To make this work landlords do need to be persuaded to think more flexibly about their rental agreements in support of green shoot companies. We can live in hope.
The idea is not for the high street to become a corporate bubble but to highlight the opportunity to kick start regeneration, breathe life into the local high street and ultimately benefit the community. Dovetailing into recent government policy for the high street.
In December 2020 The Government announced £830 million funding boost for high streets.
Funding has been identified from the Future High Streets Fund to help 72 areas in England to support recovery from the pandemic and help transform underused town centres into vibrant places to live, work and shop
Additionally The High Street Heritage Action Zone programme will deliver £95 million of funding via Historic England. More than 60 heritage high streets
A symbiotic future for the high street and workplace
Although this funding is a significant contribution to the regeneration of the high street, it is limited and already earmarked for named high streets across the uk.

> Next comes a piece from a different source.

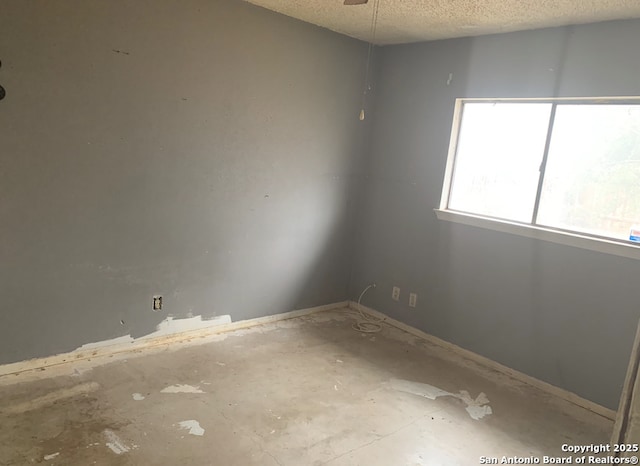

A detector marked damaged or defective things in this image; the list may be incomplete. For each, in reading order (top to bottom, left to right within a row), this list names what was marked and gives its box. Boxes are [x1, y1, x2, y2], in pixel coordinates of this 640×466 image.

With the lessons learned post lockdown and the re considered workplace. There is a fantastic opportunity for a significant number of employers to create purpose designed satellite hubs.
Not an altruistic pipe dream but an achievable goal.
Satellite working closer to home in hubs, will save on rent, support flexible working, improve workplace community and in doing so has the potential to be the catalyst for the reenergising of the high street.
In short this is perfect timing and a perfect fit.